▸ **Given information**:

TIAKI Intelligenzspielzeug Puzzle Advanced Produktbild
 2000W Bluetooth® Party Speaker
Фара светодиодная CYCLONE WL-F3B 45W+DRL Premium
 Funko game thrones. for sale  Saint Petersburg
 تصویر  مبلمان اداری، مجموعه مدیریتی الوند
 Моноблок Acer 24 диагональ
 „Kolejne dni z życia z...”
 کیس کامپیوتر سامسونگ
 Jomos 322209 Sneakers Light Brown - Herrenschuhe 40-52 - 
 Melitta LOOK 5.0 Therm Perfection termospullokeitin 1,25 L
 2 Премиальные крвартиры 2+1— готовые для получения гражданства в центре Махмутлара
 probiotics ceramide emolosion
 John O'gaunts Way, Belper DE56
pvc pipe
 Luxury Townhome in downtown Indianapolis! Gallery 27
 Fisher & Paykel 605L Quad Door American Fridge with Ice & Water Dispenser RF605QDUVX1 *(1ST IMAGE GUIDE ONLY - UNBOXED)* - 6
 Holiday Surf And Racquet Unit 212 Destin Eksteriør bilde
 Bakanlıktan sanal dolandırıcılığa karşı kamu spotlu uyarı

▸ **Work to complete**: Exactly the lines from the one holding "2000W Bluetooth® Party Speaker" through the end of the data are to be repeated, with both ends included.

▸ **Problem solution**:
 2000W Bluetooth® Party Speaker
Фара светодиодная CYCLONE WL-F3B 45W+DRL Premium
 Funko game thrones. for sale  Saint Petersburg
 تصویر  مبلمان اداری، مجموعه مدیریتی الوند
 Моноблок Acer 24 диагональ
 „Kolejne dni z życia z...”
 کیس کامپیوتر سامسونگ
 Jomos 322209 Sneakers Light Brown - Herrenschuhe 40-52 - 
 Melitta LOOK 5.0 Therm Perfection termospullokeitin 1,25 L
 2 Премиальные крвартиры 2+1— готовые для получения гражданства в центре Махмутлара
 probiotics ceramide emolosion
 John O'gaunts Way, Belper DE56
pvc pipe
 Luxury Townhome in downtown Indianapolis! Gallery 27
 Fisher & Paykel 605L Quad Door American Fridge with Ice & Water Dispenser RF605QDUVX1 *(1ST IMAGE GUIDE ONLY - UNBOXED)* - 6
 Holiday Surf And Racquet Unit 212 Destin Eksteriør bilde
 Bakanlıktan sanal dolandırıcılığa karşı kamu spotlu uyarı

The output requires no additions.